You don't need to know anything about MIDI to understand this project, but in case you don't, MIDI is just a protocol that allows devices called MIDI Controllers to communicate with each other and with computers.

They say not to mix work and pleasure but I couldn't resist, and decided to see whether web tech was sophisticated enough to enable us to build an interactive synthesizer.

The Mission

My mission with this project was to build a synthesizer comprised of two or more oscillators (an oscillator is the underlying processor that generates sound waves).
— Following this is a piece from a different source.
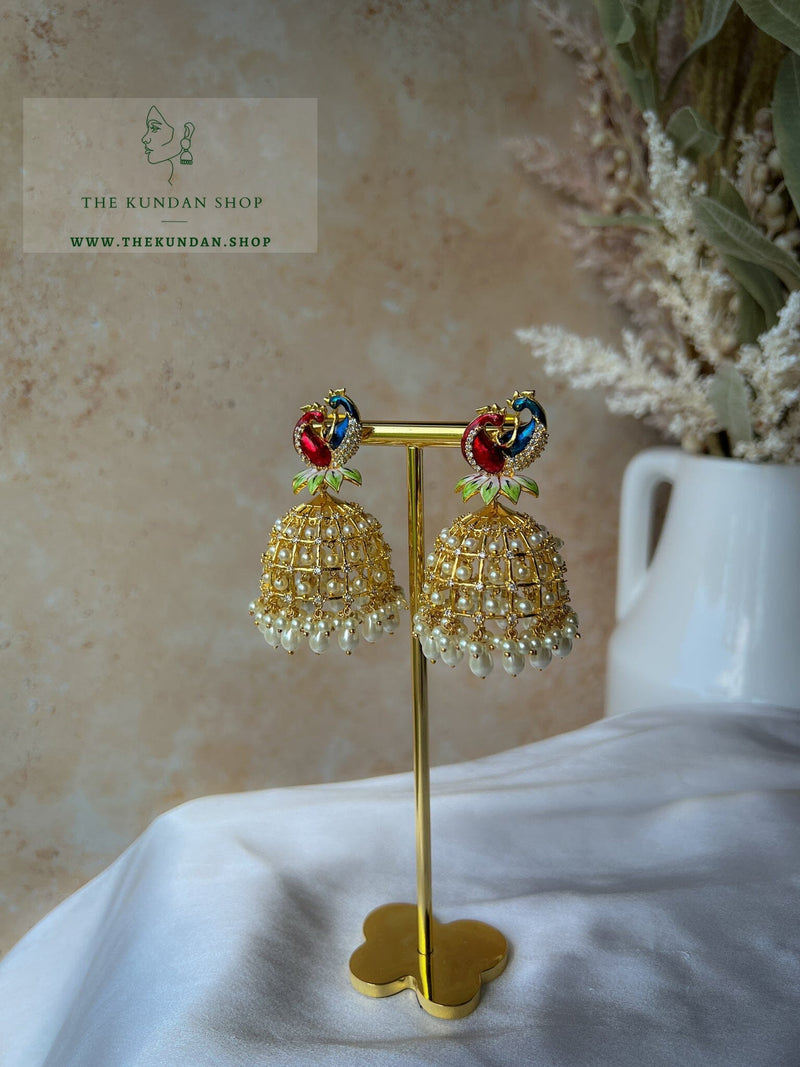 Moorni Cage Jhumkis Earrings THE KUNDAN SHOP 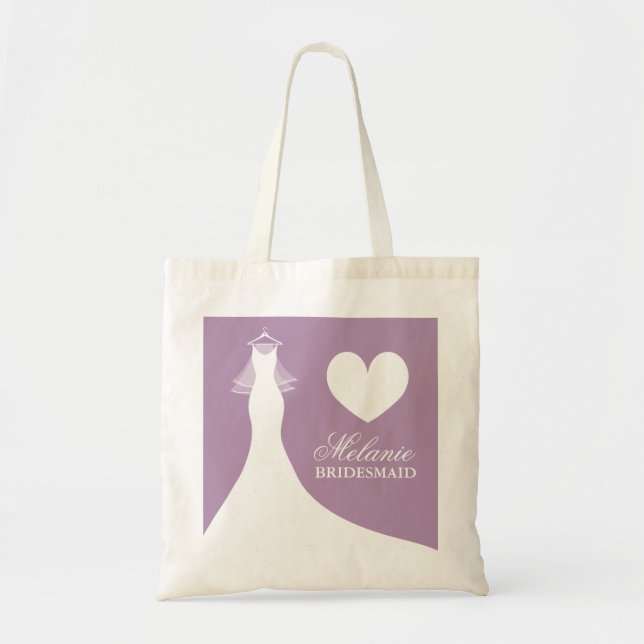 Lavender lila bröllop tote bags för brudgummar tygkasse (Framsidan)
Specifically, I wanted the project to:

Emulate a Synth as Best I Could

  • Use the Web Audio API, as it does a great job of representing the routing of sound in a mixer.
  • Have independent oscillators, each with its own attack, decay, release, volume, wave shape, vibrato, detune, and octave properties.

Be Performant

  • Operate on more than one thread to ensure that the UI remained responsive.
  • Run with as low-latency as possible.
  • Be able to handle up to 24 voices–the number of notes it can play at once, also known as 'polyphony'–across four oscillators.

Be Interactive

  • Be playable with a MIDI controller.

Being a developer is all about making decisions; once I've decided on the project scope, now I have to decide on how to solve for each item listed above.

Laying Down the Foundation

When I embark on a project like this, I always have a hidden agenda: I want to learn something I did not previously know. I am not an expert in sound generation technology, but I wanted this synth to feel like the ones I've used in the past.

The Web Audio API

The Web Audio API is a gift to developers who need to do more with audio than just include an audio track in any given project. I've come to see this API as the web's representation of a mixing board, complete with built-in effects such as compression, reverb, filters, and even gain management. Most impressive is that the API treats inputs, outputs, and effects as nodes that you can chain and route any way you want, like tracks on a mixer.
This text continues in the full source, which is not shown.